Stops to gaz pipeline in Balkans countrys.

Russian gas supplies to the Balkans were restored at 90 percent of normal flows after a sharp drop early Wednesday caused by a blast on a 30-year-old pipeline in a separatist region of Moldova.
Turkey and Bulgaria reported a drop in deliveries and said they would draw on reserves of the fuel, while Romania said it was not experiencing problems.
The pipeline runs to the three countries from Russia via Ukraine and Moldova.

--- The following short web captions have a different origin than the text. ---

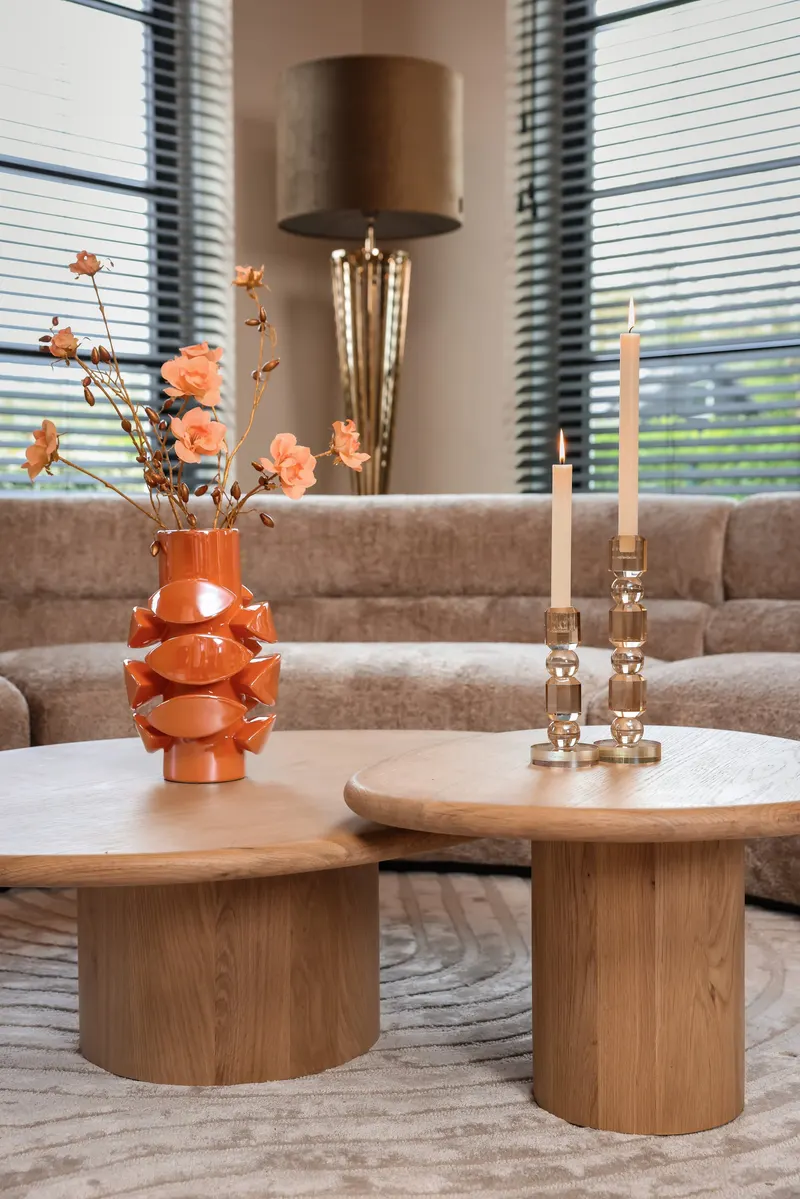 Teppich Lexy, Naturfarben, 200 × 300 cm von Richmond Interiors, Wohnbeispiel 8, im Wohnraum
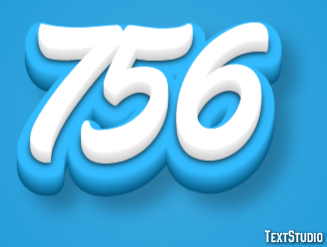 756 Text Effect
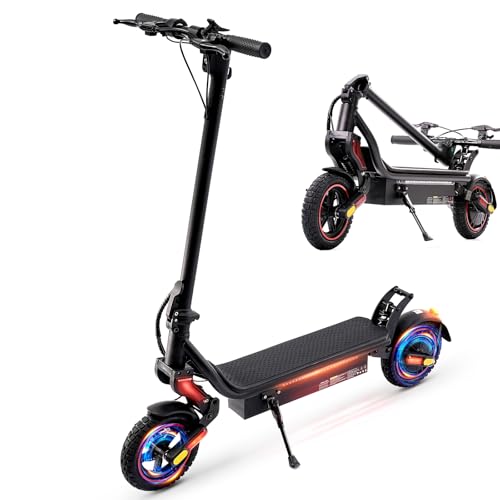 Escoone Electric Scooter for Adults, 750W Motor, 25 MPH Top Speed & 28 Miles...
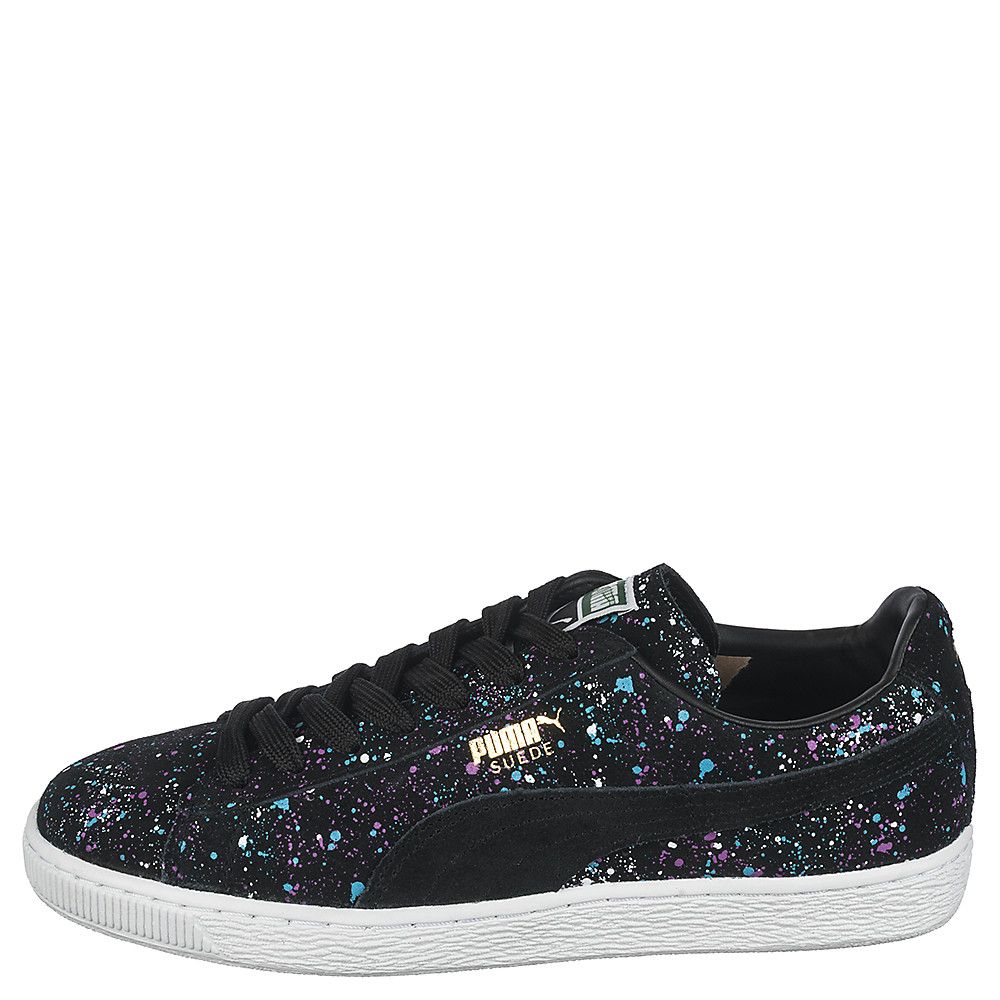 Puma suede splatter hot sale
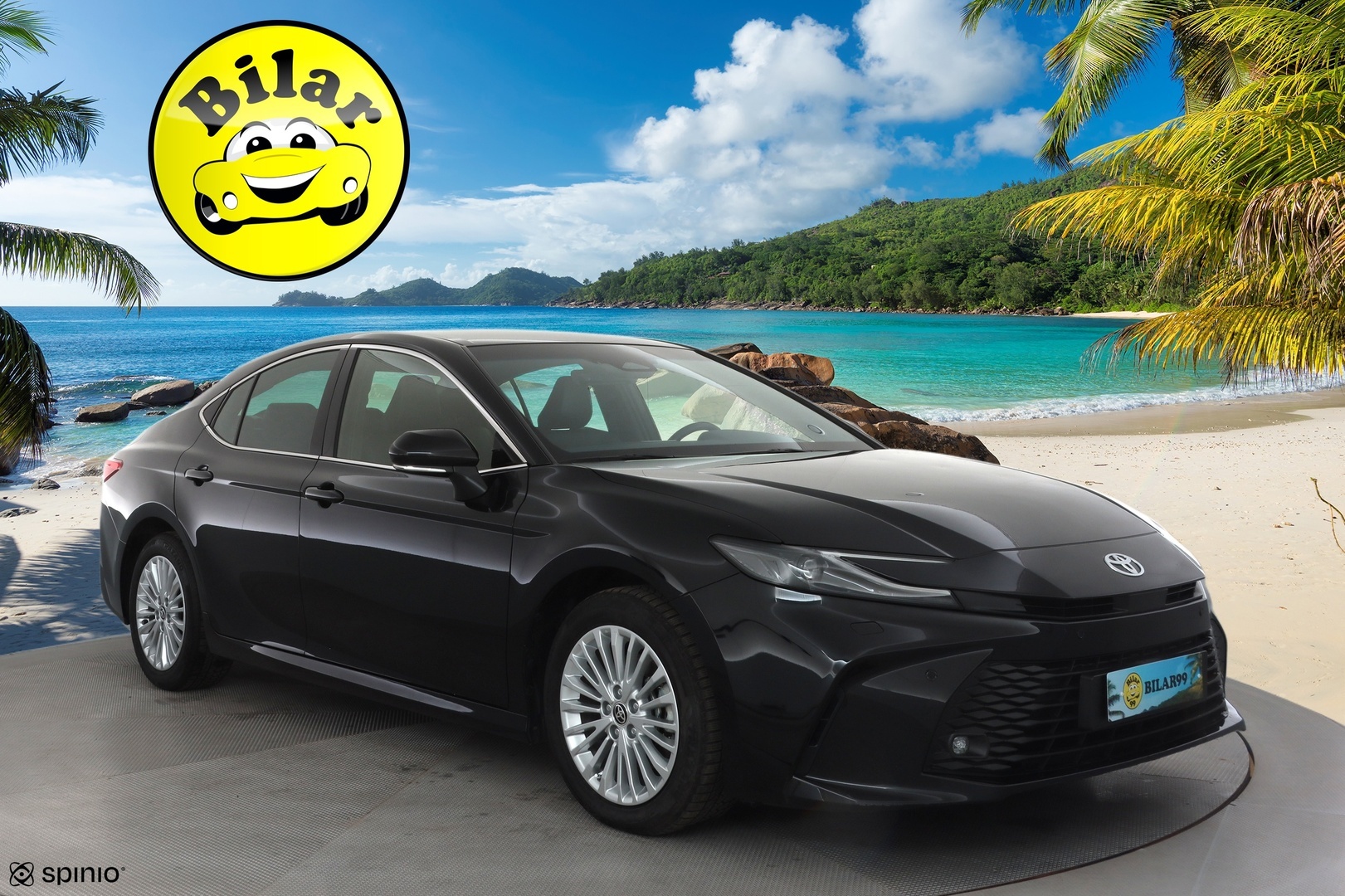 TOYOTA CAMRY 2025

Moldova’s gas transport firm MoldovaGaz said it would take three days to restore gas supplies in full.
“This accident … is linked to the fact that the age of this pipeline has exceeded 30 years,” the Interior Ministry of Transdnestr, Moldova’s separatist region, said on its web site.
“There is no talk of terrorism,” said Moldovan government spokesman Vitalie Condratchi.
The explosion created a 5-meter deep hole and a one-kilometer high gas flame, said Ernest Vardanyan, a reporter from Transdnestr’s Novy Region newspaper.
Gazprom, the world’s largest gas producer, which supplies a quarter of Europe’s gas needs, regularly suffers from supply disruptions because of the age of pipelines and equipment across the former Soviet Union.
In January, Bulgaria, Romania and Turkey experienced big supply problems alongside other European nations when Russia cut supplies because of a pricing dispute with Ukraine. The row revived fears in Europe about overdependence on Russian gas.
Russian gas transit flows via Moldova to the Balkans usually amount to 40 million cubic meters per day, and the blast had initially cut flows to 24 mcm. Ukraine’s state energy firm Naftogaz said they were running at 36 mcm on Wednesday evening.
Gazprom said it had increased deliveries to Turkey through the Blue Stream link under the Black Sea to compensate for smaller supplies via Moldova.
It also boosted supplies via two undamaged links in Moldova, which allowed deliveries to reach 90 percent of normal flows.
“The pipeline and transit supplies to the Balkans will be fully restored within three days,” Alexander Gusev, the head of Gazprom’s pipeline venture in Moldova, told reporters.
Turkey’s state pipeline operator Botas said it would not request additional supplies, as it would use gas in storage to cover the shortfall and expected no problems in meeting demand.
Russia is Turkey’s biggest supplier of gas, shipping an annual 24 billion cubic meters via Moldova and the Blue Stream.